BEGIN Material provided

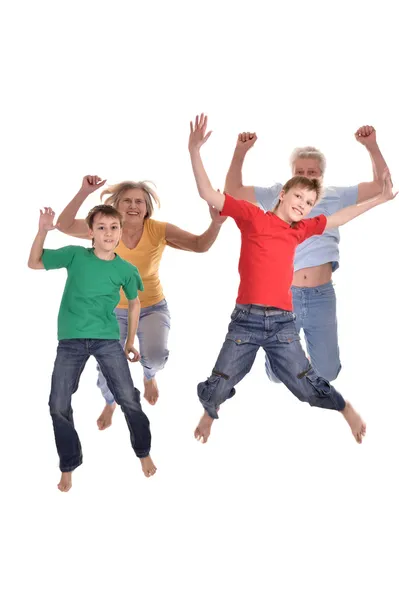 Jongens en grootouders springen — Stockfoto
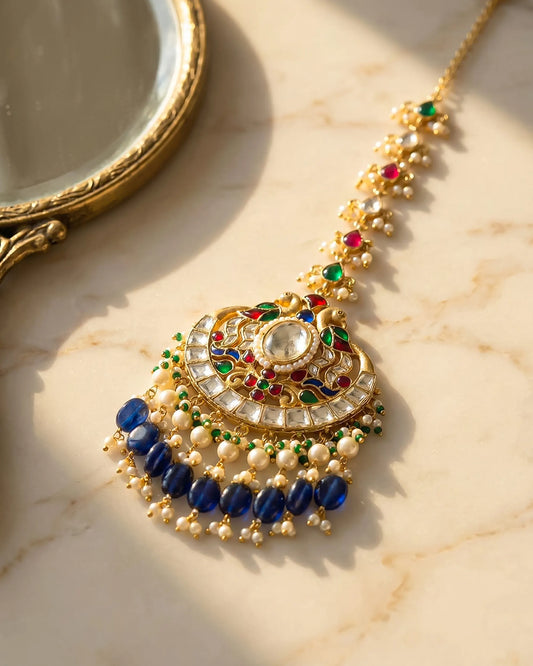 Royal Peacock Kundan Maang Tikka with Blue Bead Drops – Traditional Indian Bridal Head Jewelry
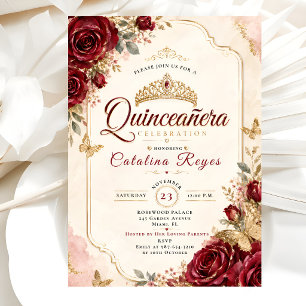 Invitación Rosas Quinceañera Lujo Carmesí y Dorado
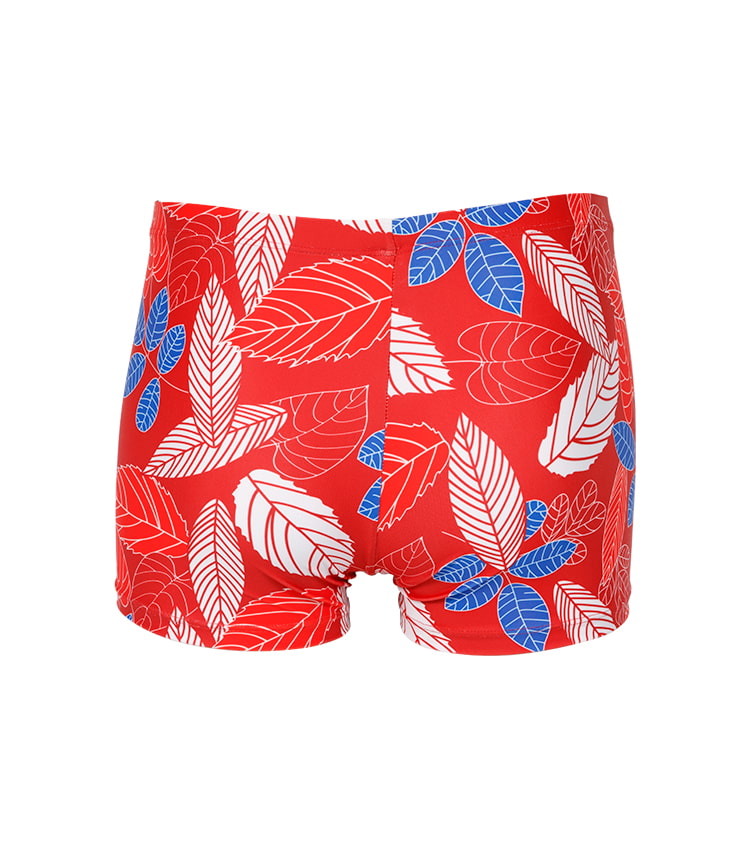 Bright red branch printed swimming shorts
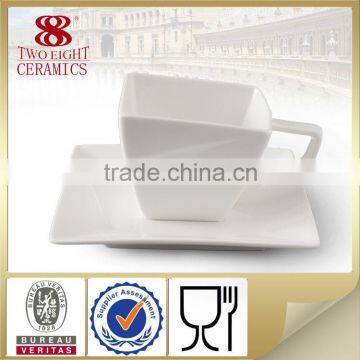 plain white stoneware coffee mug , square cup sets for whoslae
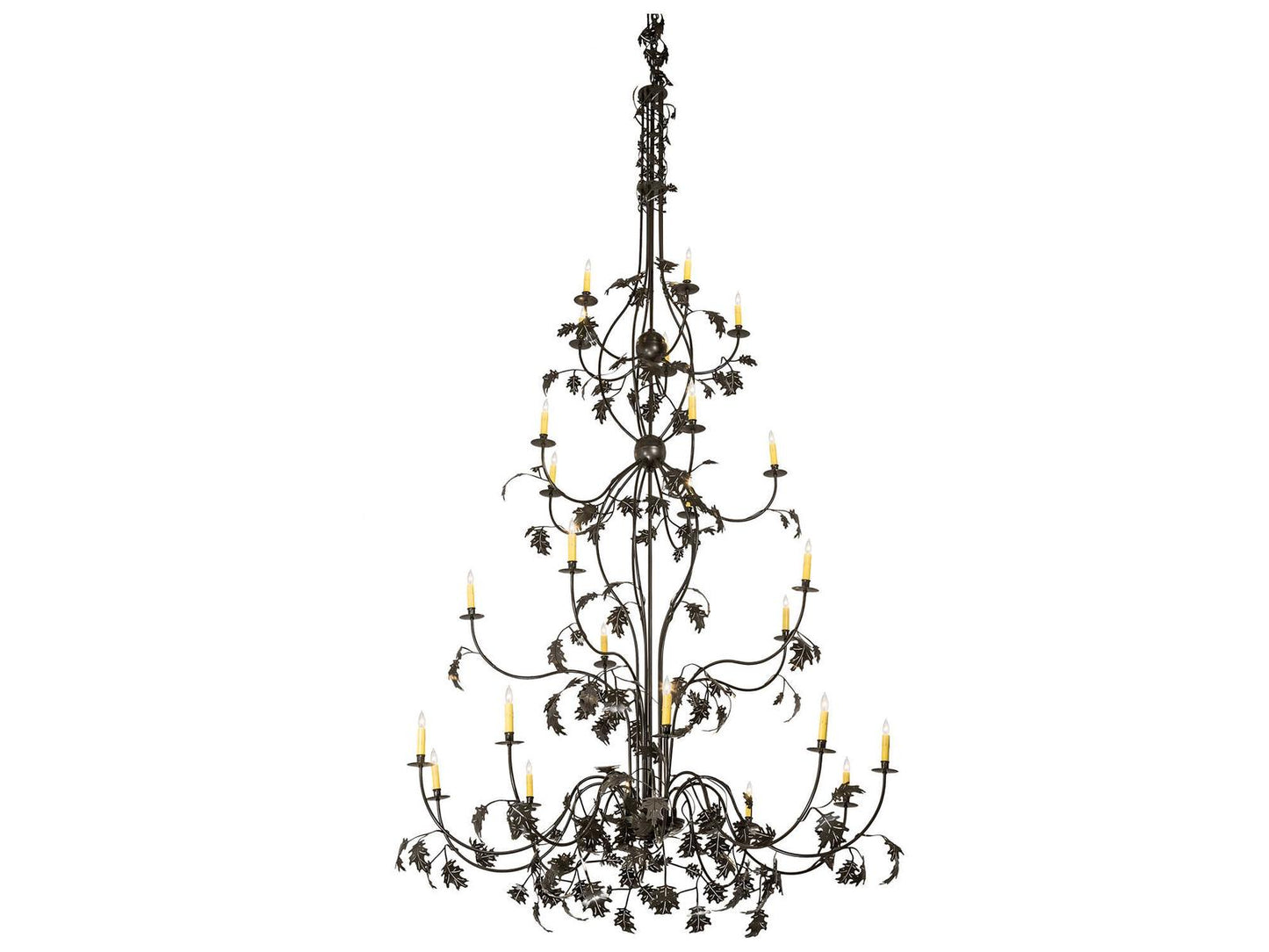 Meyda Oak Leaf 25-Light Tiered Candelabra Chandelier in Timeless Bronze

END Material provided

### Work item
The exact lines from the one containing "Invitación Rosas Quinceañera" through the end of the data are to be copied, with both ends kept and pictures left out.

### Exercise output
 Invitación Rosas Quinceañera Lujo Carmesí y Dorado
 Bright red branch printed swimming shorts
 plain white stoneware coffee mug , square cup sets for whoslae
 Meyda Oak Leaf 25-Light Tiered Candelabra Chandelier in Timeless Bronze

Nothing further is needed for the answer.